平成14年度「全国金銭教育協議会」
(2)分科会報告、意見交換
武長 脩行(椙山女学園大学教授)
第4分科会(中学校)
本年の2中学校は対照的であった。一方は小規模校、他方は大規模校で、地域環境の違いもあり、特色ある金銭教育を実践している。と同時に、高度情報社会は地域を越え進行し、例えば携帯電話の所有や利用、ファッションの動向等には生徒たちは敏感である。個別的にコメントしよう。
1.石川県珠洲市立宝立中学校
宝立中学校は能登半島の先端に位置し、農・漁業を中心とし、自然に恵まれ、生徒数は85名の小規模校である。生徒数が少ないだけ、個々の生徒の行動に目がとどき、きめ細かい指導ができる。
本校は研究仮説として「望ましい勤労観の形成」を設定した。2年生は外の企業等の事業所で「わく・ワーク(Work)体験」をすることにより勤労と収入の関係を実感した。農・漁業という親の働く姿が具体的に見える地域であり、地域の教育力を生かした取り組みでもあった。
3年生ではボランティア活動の老人ホーム訪問等種々のボランティア活動が行われたが、金銭教育の視点からは、ボランティア活動の時間を経済的価値で換算するような「量的な評価」の視点が欲しかった。これは「わく・ワーク(Work)体験」の評価にもいえることである。
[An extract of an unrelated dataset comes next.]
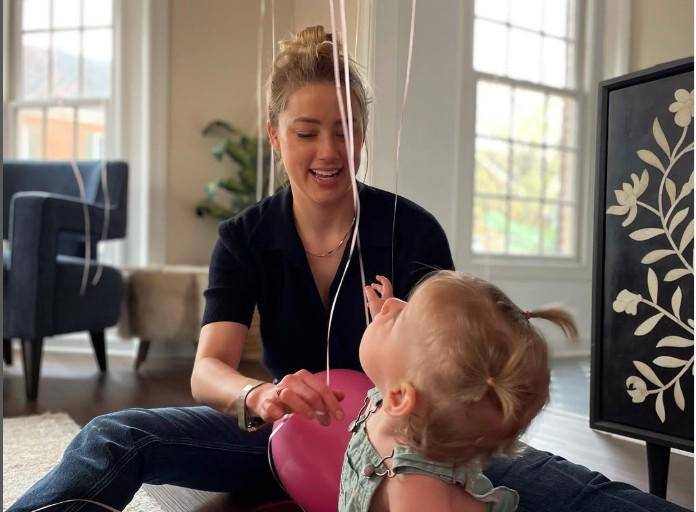 Amber Heard recibe a sus hijos Agnes y Ocean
勤労という実践的取り組みにどうしても力が集中し、その実践終了後の評価、特に収入という量の経済的評価の視点が欲しかった。
2.福岡県筑紫野市立筑紫野南中学校
本校は福岡市郊外のベッドタウンの新興住宅街に位置し、生徒数は951名である。研究主題を「人やものとの関わりを大切にする心豊かな生徒の育成」に設定し、大規模校の特徴を生かし、多様なプログラムを実施した。
個別教科では、2年生の「技術・家庭科」で、学校給食について、ゲストの栄養士から説明を受け、食の大切さを知る。また、1年生全員の「道徳」では、「ゴミ収集車」を通じて、公共の福祉、勤労の尊さを理解する。
特に印象的なのは、総合的学習の時間「筑南タイム」の取り組みである。校訓である「自学」を軸に、課題を個々人が設定し、活動を異学年のグループで行うというもの。33の講座案内を教師が行い、30人規模のグループに分かれる。「自分探しカード」で自分が追求したい課題を設定する(計画段階)。
次の段階は実践である。学内のさまざまな場所を使用したり、学外の施設訪問、外部講師の講義等を経験し、最後に振り返り段階で発表を行うという、3段階をたどる。生徒の関心を引き出し、異学年との交流、プレゼンテーション能力の醸成にもなる時間である。
また、本校では「自己教育力指導検査」により、全生徒の自己教育力の実態調査を行い、評価を行っている点も特徴的である。
ただし、金銭教育というテーマからいえば、本校の取り組みは多彩で、焦点が拡散していた。一部の学年、クラス、グループで金銭教育にしぼったプログラムを実施し、その評価を行うことを今後期待したい。